Beginning with the line containing "Universal Mini Motorcycle" and going on through the line containing "Ulla Popken Dames", the lines below are to be returned exactly, pictures excluded and nothing added.

[Material provided]

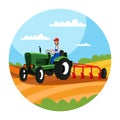 Farmer driving tractor with plough illustration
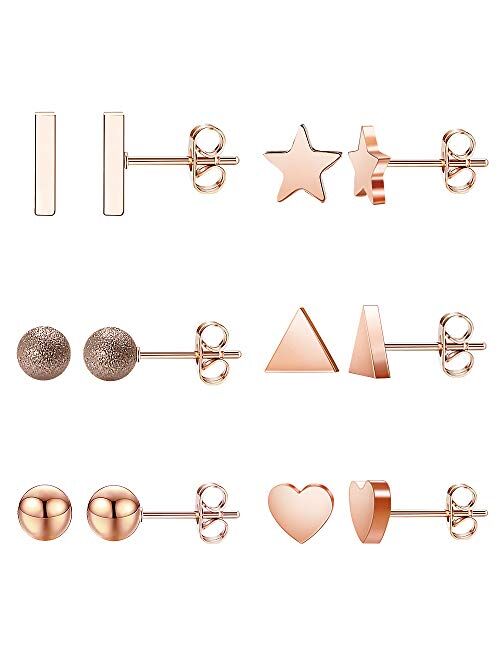 UHIBROS Stud Earrings, hypoallergenic Earrings for Girls Stainless Steel Cute Earring Jewelry Set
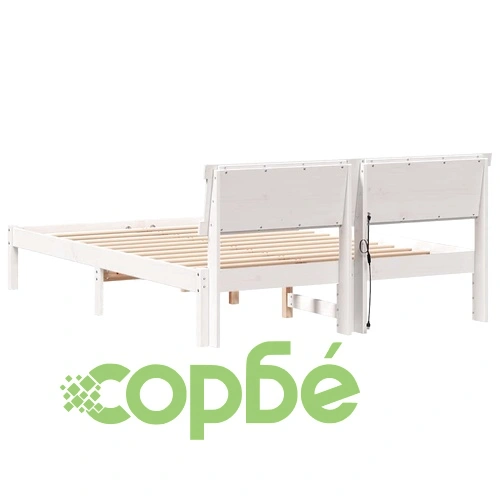 Рамка за легло с таблo и LED осветление - Бяло 120x190 см Борово дърво масив ➤ топ цена ➤ sorbe.bg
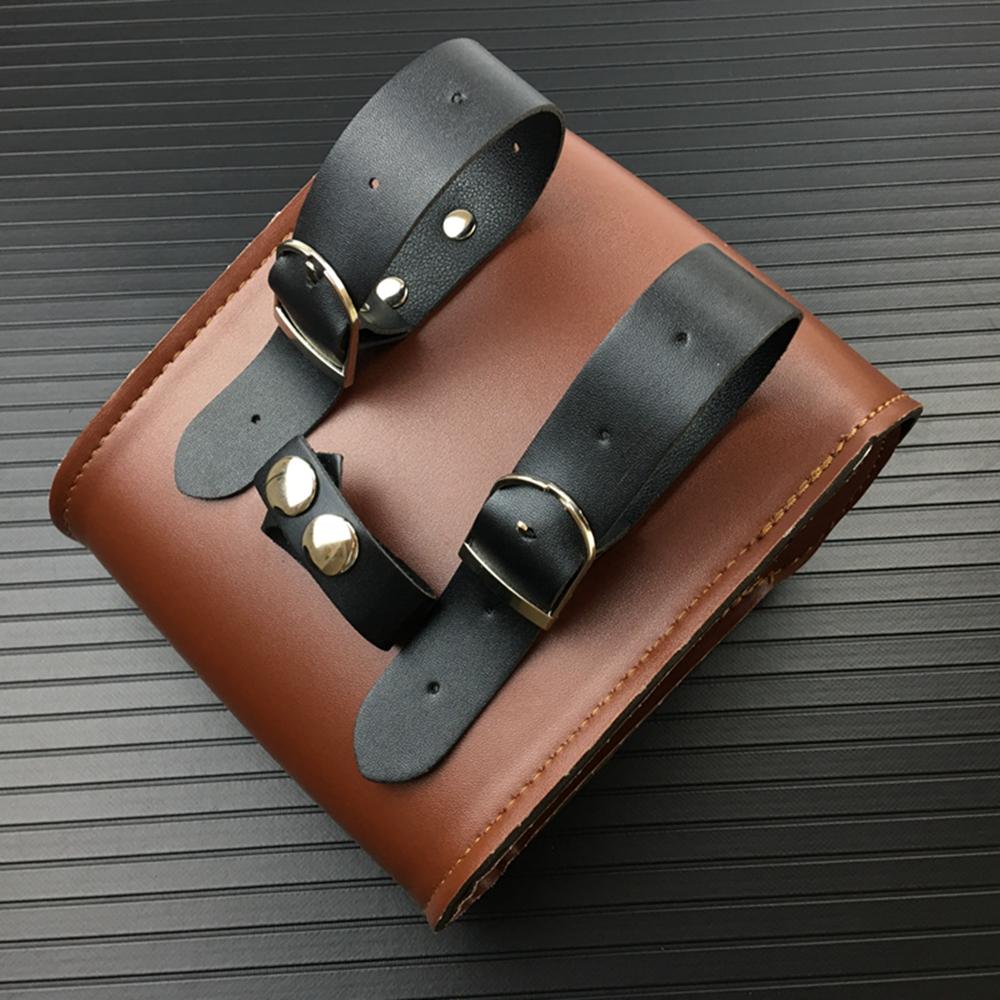 Universal Mini Motorcycle Handlebar Sissy Bar Side Bag PU Leather Tool Bag For Harley Honda Suzuki Kawasaki Yamaha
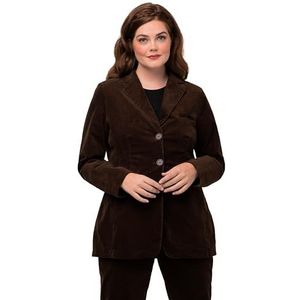 Ulla Popken Dames Landhaus Cord Blazer, donkerbruin, 42 grote maten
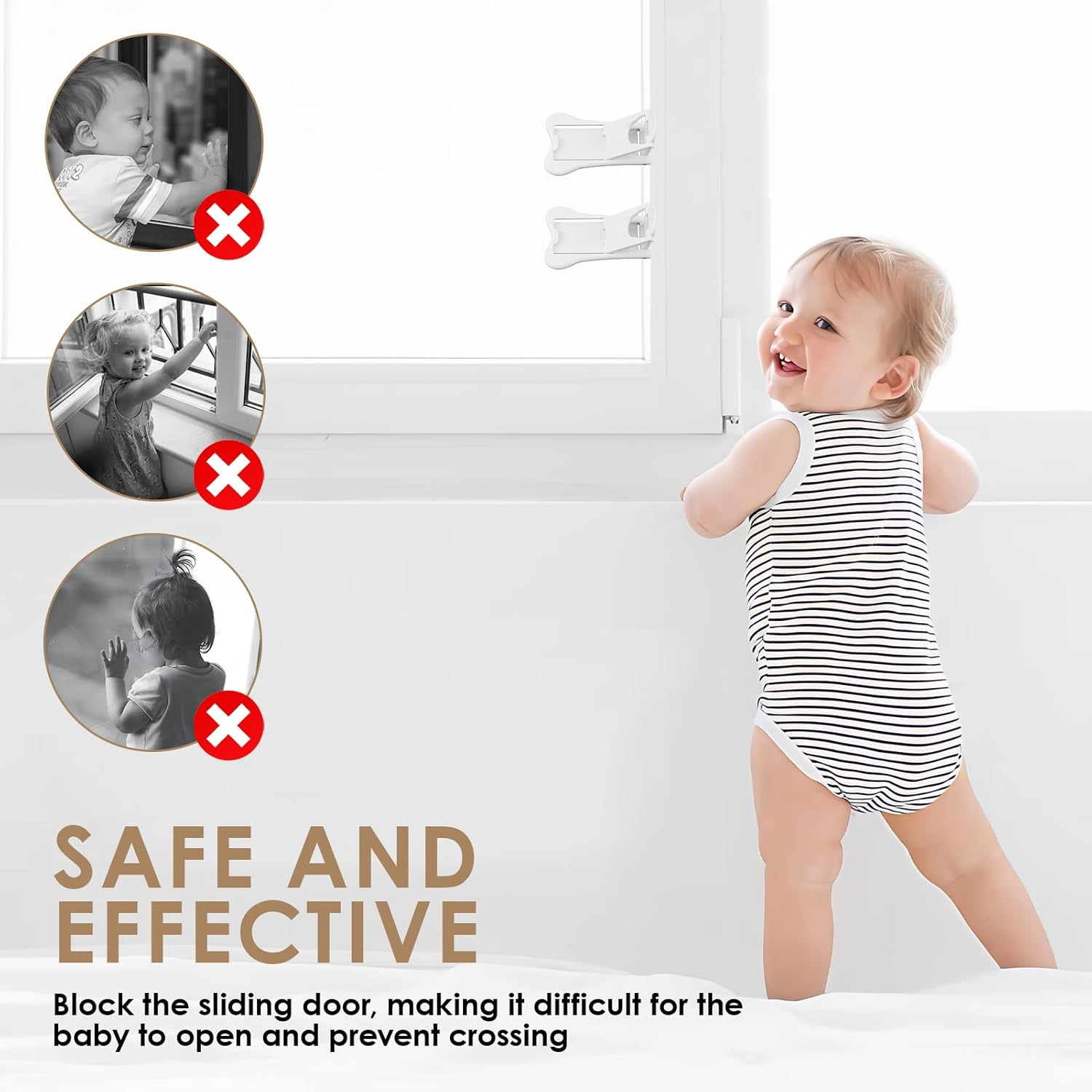 4 Pcs Sliding Door Lock for Child Safety, for Sliding Windows & Door Wardrobes Closets Showers Kitchen Door Sliding Glass Slide Locks Closets and Cabinets, Sticky Version Easy to Install Prevents Pets & Kids from Opening the Door image number 4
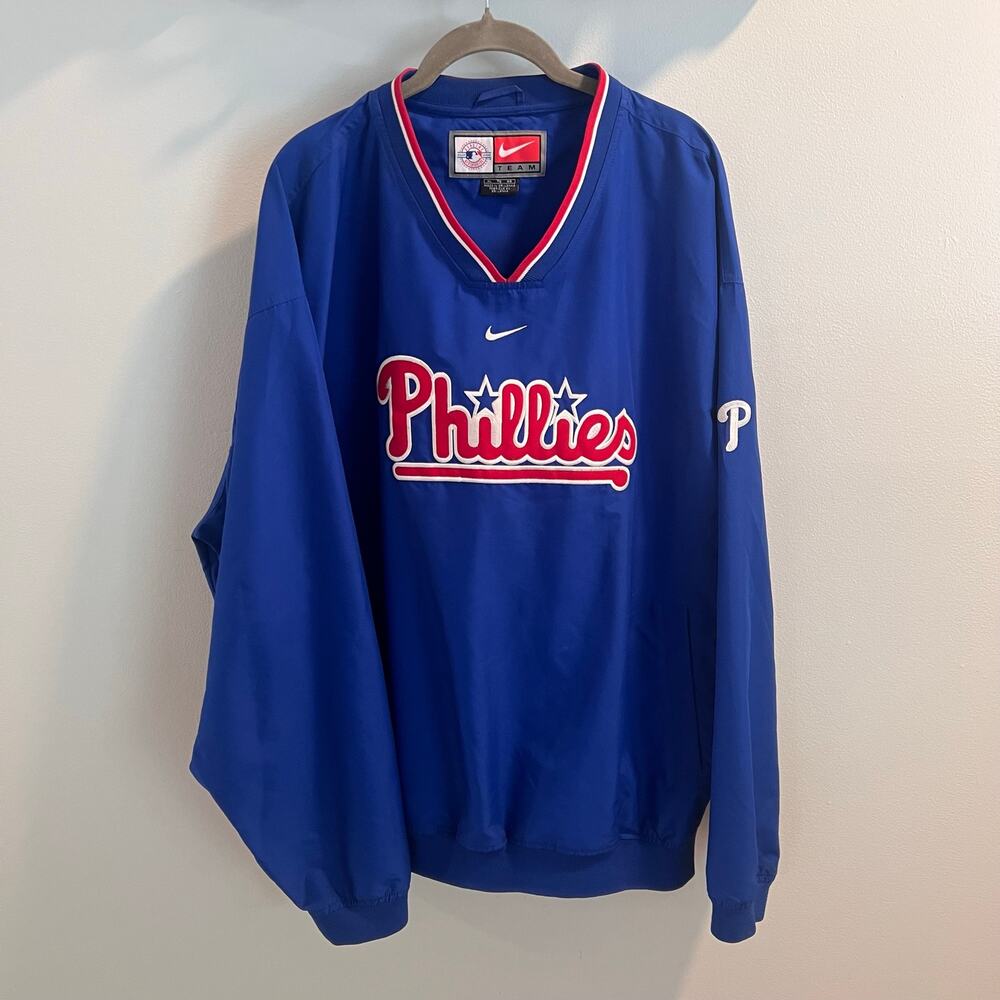 Nike Vintage Blue Pullover V-neck Philadelphia Phillies Windbreaker Size XL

[/Material provided]

● **Result**:
 Universal Mini Motorcycle Handlebar Sissy Bar Side Bag PU Leather Tool Bag For Harley Honda Suzuki Kawasaki Yamaha
 Ulla Popken Dames Landhaus Cord Blazer, donkerbruin, 42 grote maten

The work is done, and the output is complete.